→ What you are asked to do
Word for word, copy the lines beginning at the one with "Travelers walk through" and ending at the last line below; pictures stay out.

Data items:
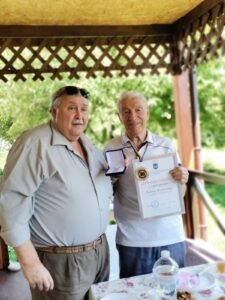 Двоє чоловіків на веранді, один тримає нагороду та грамоту, інший стоїть поруч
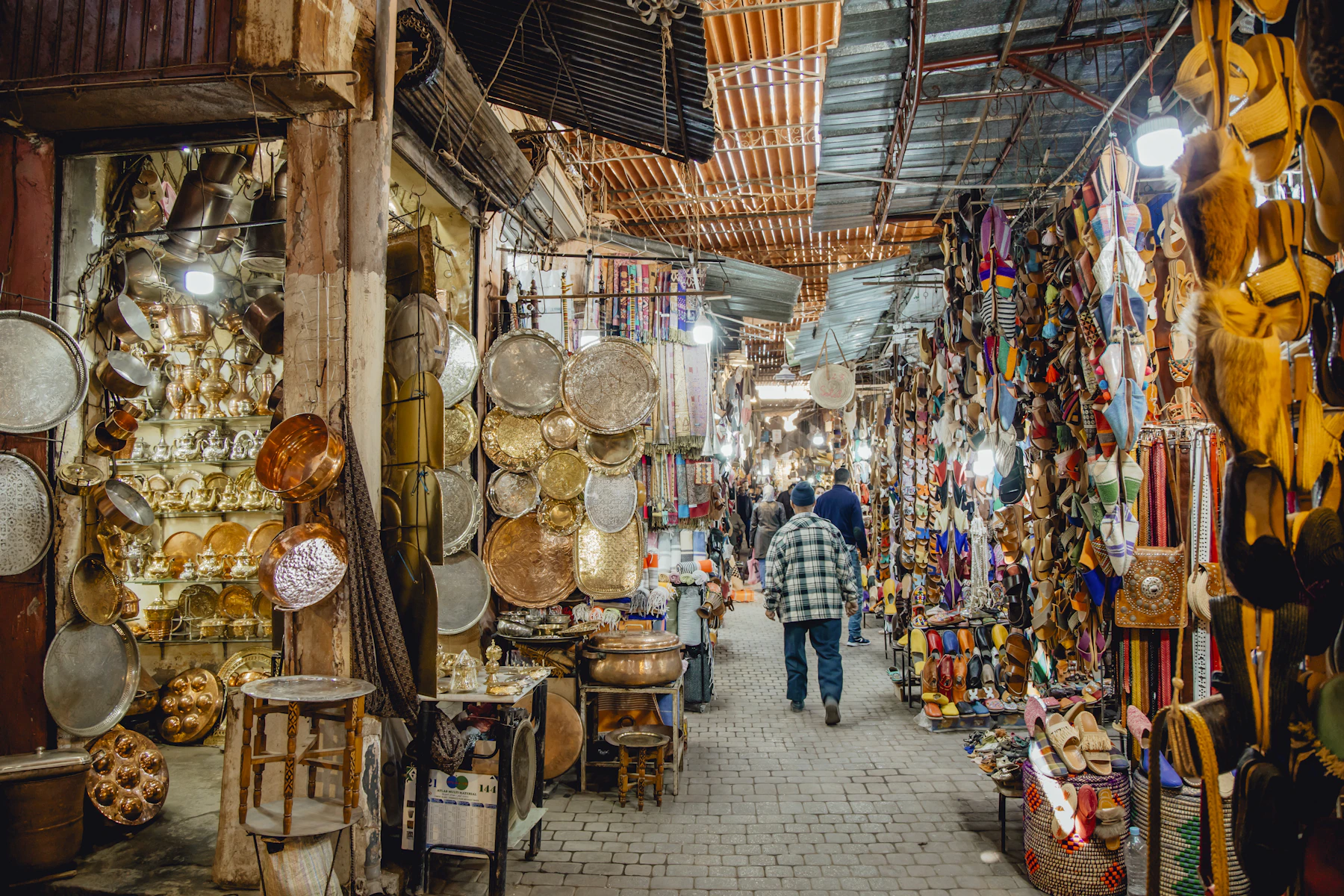 Travelers walk through a vibrant Marrakech souk lined with metalwork, textiles, and slippers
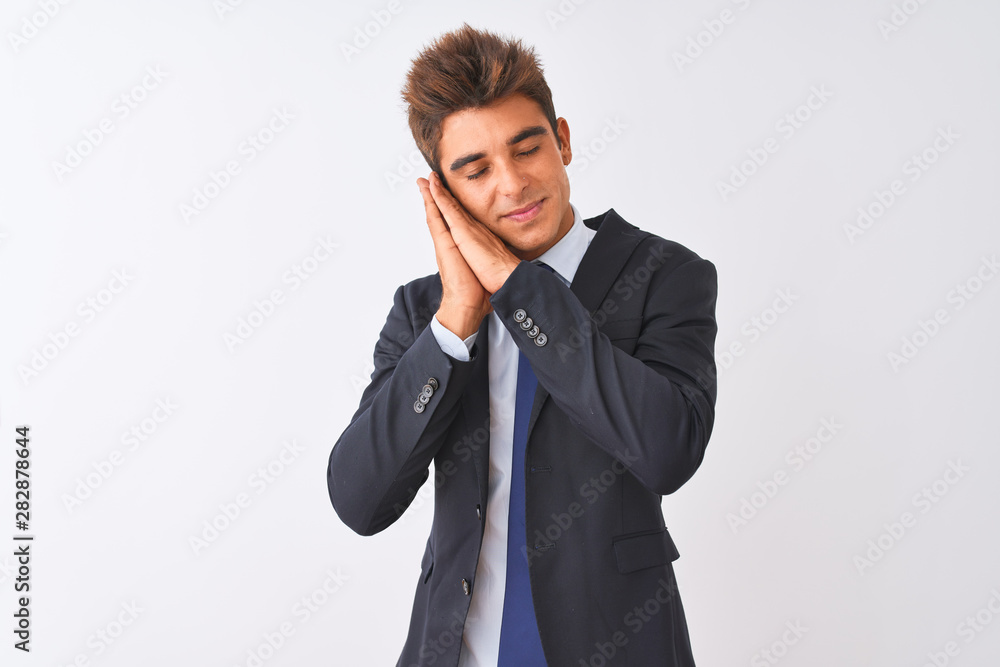 Young handsome businessman wearing suit standing over isolated white background sleeping tired dreaming and posing with hands together while smiling with closed eyes. Young handsome businessman wearing suit standing over isolated white background sleeping tired dreaming and posing with hands together while smiling with closed eyes.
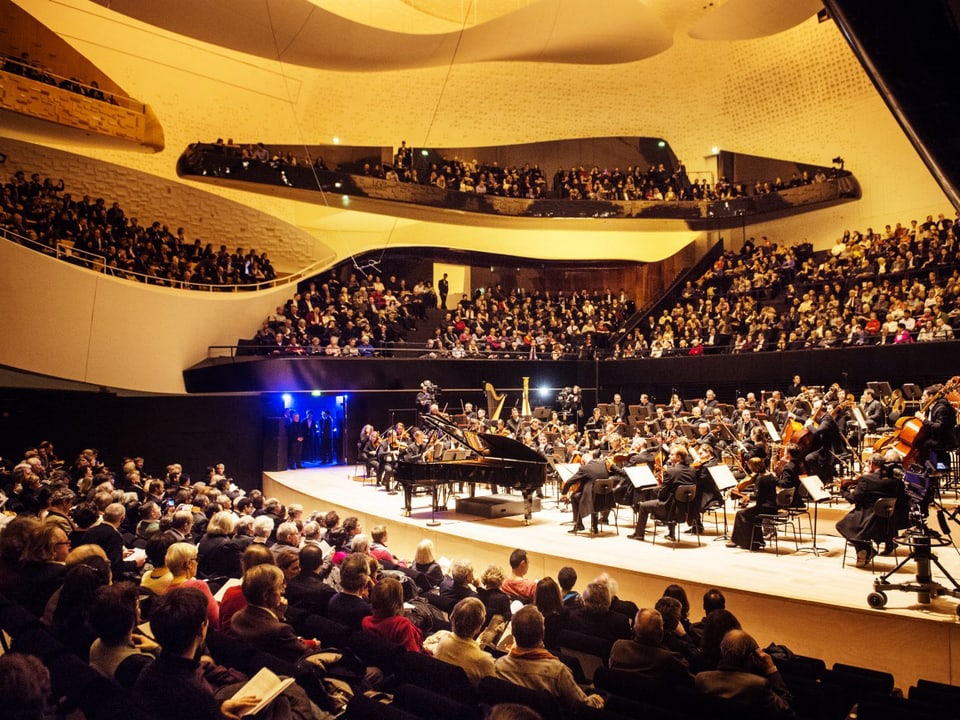 Konzertsaal in Gelbtönen mit wabenförmigen Rängen.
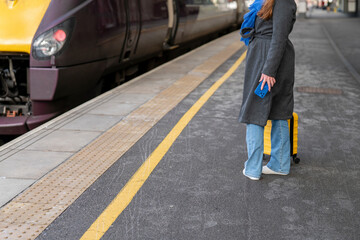 Waiting for a train at a busy station with a suitcase and a blue scarf in cool weather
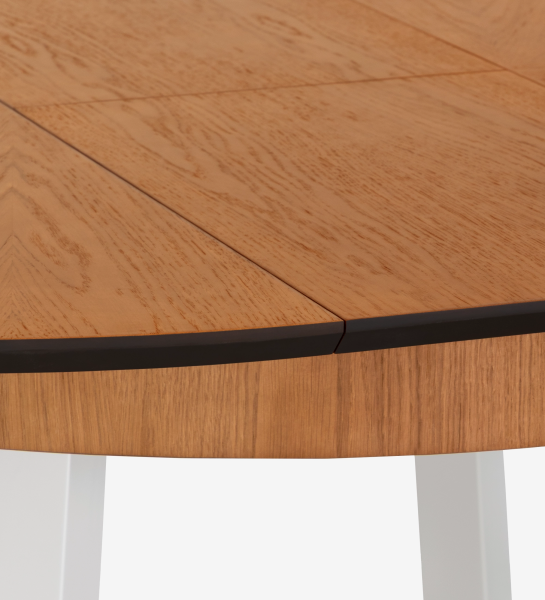 Round extendable dining table with honey oak top and pearl lacquered legs.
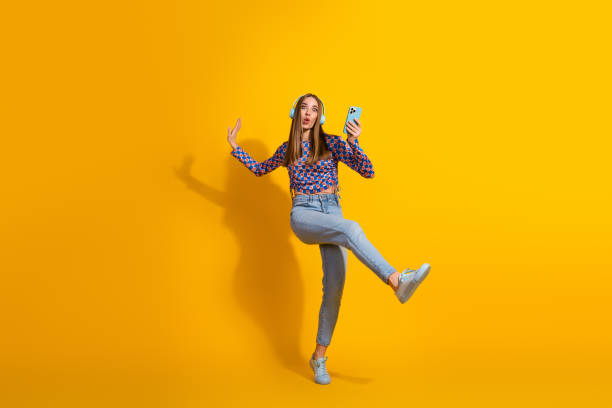 istock Girl Expressing Joy with Smartphone on Vibrant Yellow Backdrop for Advertising 2199555412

→ Answer to this exercise
 Travelers walk through a vibrant Marrakech souk lined with metalwork, textiles, and slippers
 Young handsome businessman wearing suit standing over isolated white background sleeping tired dreaming and posing with hands together while smiling with closed eyes. Young handsome businessman wearing suit standing over isolated white background sleeping tired dreaming and posing with hands together while smiling with closed eyes.
 Konzertsaal in Gelbtönen mit wabenförmigen Rängen.
 Waiting for a train at a busy station with a suitcase and a blue scarf in cool weather
 Round extendable dining table with honey oak top and pearl lacquered legs.
 istock Girl Expressing Joy with Smartphone on Vibrant Yellow Backdrop for Advertising 2199555412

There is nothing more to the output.